Instructions for the task:
However many lines the data holds, transcribe them all exactly.

Available data:
--- --- ---

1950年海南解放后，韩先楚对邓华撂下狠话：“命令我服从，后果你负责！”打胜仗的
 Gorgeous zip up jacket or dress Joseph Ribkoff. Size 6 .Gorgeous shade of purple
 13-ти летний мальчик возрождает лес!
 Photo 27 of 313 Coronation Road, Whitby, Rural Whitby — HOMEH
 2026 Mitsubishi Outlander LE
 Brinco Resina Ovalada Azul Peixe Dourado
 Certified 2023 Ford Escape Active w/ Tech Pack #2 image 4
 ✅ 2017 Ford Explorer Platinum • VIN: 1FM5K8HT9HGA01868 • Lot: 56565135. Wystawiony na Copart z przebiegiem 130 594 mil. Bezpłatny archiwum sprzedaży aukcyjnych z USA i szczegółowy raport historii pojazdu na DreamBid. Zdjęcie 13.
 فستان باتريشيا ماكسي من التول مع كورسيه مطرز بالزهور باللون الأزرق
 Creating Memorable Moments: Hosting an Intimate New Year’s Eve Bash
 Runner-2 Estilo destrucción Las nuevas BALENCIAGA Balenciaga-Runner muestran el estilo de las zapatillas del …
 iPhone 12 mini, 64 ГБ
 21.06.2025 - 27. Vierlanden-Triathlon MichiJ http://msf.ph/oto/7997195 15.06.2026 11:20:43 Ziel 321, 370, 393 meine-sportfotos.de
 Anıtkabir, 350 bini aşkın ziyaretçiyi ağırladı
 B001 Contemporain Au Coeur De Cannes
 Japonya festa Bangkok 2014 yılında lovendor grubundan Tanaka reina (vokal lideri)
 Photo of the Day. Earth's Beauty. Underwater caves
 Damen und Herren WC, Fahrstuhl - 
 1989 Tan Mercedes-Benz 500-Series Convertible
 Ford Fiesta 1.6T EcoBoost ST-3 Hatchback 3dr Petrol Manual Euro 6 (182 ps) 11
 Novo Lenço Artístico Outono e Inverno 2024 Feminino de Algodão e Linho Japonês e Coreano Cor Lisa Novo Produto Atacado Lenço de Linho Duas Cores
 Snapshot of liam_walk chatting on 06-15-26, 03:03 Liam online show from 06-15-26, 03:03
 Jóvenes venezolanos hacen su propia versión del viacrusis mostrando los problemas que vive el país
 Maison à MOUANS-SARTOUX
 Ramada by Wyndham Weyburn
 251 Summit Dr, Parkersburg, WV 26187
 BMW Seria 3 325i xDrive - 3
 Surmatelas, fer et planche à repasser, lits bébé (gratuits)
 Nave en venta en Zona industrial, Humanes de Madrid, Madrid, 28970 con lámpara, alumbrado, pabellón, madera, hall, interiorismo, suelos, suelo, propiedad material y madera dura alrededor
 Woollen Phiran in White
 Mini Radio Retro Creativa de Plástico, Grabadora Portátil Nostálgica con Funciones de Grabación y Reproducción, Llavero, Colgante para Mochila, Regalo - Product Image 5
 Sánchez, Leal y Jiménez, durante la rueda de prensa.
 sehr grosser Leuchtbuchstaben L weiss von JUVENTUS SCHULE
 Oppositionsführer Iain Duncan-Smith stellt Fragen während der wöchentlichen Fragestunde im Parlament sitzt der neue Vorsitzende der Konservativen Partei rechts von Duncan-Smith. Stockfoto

--- --- ---

Response below:
1950年海南解放后，韩先楚对邓华撂下狠话：“命令我服从，后果你负责！”打胜仗的
 Gorgeous zip up jacket or dress Joseph Ribkoff. Size 6 .Gorgeous shade of purple
 13-ти летний мальчик возрождает лес!
 Photo 27 of 313 Coronation Road, Whitby, Rural Whitby — HOMEH
 2026 Mitsubishi Outlander LE
 Brinco Resina Ovalada Azul Peixe Dourado
 Certified 2023 Ford Escape Active w/ Tech Pack #2 image 4
 ✅ 2017 Ford Explorer Platinum • VIN: 1FM5K8HT9HGA01868 • Lot: 56565135. Wystawiony na Copart z przebiegiem 130 594 mil. Bezpłatny archiwum sprzedaży aukcyjnych z USA i szczegółowy raport historii pojazdu na DreamBid. Zdjęcie 13.
 فستان باتريشيا ماكسي من التول مع كورسيه مطرز بالزهور باللون الأزرق
 Creating Memorable Moments: Hosting an Intimate New Year’s Eve Bash
 Runner-2 Estilo destrucción Las nuevas BALENCIAGA Balenciaga-Runner muestran el estilo de las zapatillas del …
 iPhone 12 mini, 64 ГБ
 21.06.2025 - 27. Vierlanden-Triathlon MichiJ http://msf.ph/oto/7997195 15.06.2026 11:20:43 Ziel 321, 370, 393 meine-sportfotos.de
 Anıtkabir, 350 bini aşkın ziyaretçiyi ağırladı
 B001 Contemporain Au Coeur De Cannes
 Japonya festa Bangkok 2014 yılında lovendor grubundan Tanaka reina (vokal lideri)
 Photo of the Day. Earth's Beauty. Underwater caves
 Damen und Herren WC, Fahrstuhl - 
 1989 Tan Mercedes-Benz 500-Series Convertible
 Ford Fiesta 1.6T EcoBoost ST-3 Hatchback 3dr Petrol Manual Euro 6 (182 ps) 11
 Novo Lenço Artístico Outono e Inverno 2024 Feminino de Algodão e Linho Japonês e Coreano Cor Lisa Novo Produto Atacado Lenço de Linho Duas Cores
 Snapshot of liam_walk chatting on 06-15-26, 03:03 Liam online show from 06-15-26, 03:03
 Jóvenes venezolanos hacen su propia versión del viacrusis mostrando los problemas que vive el país
 Maison à MOUANS-SARTOUX
 Ramada by Wyndham Weyburn
 251 Summit Dr, Parkersburg, WV 26187
 BMW Seria 3 325i xDrive - 3
 Surmatelas, fer et planche à repasser, lits bébé (gratuits)
 Nave en venta en Zona industrial, Humanes de Madrid, Madrid, 28970 con lámpara, alumbrado, pabellón, madera, hall, interiorismo, suelos, suelo, propiedad material y madera dura alrededor
 Woollen Phiran in White
 Mini Radio Retro Creativa de Plástico, Grabadora Portátil Nostálgica con Funciones de Grabación y Reproducción, Llavero, Colgante para Mochila, Regalo - Product Image 5
 Sánchez, Leal y Jiménez, durante la rueda de prensa.
 sehr grosser Leuchtbuchstaben L weiss von JUVENTUS SCHULE
 Oppositionsführer Iain Duncan-Smith stellt Fragen während der wöchentlichen Fragestunde im Parlament sitzt der neue Vorsitzende der Konservativen Partei rechts von Duncan-Smith. Stockfoto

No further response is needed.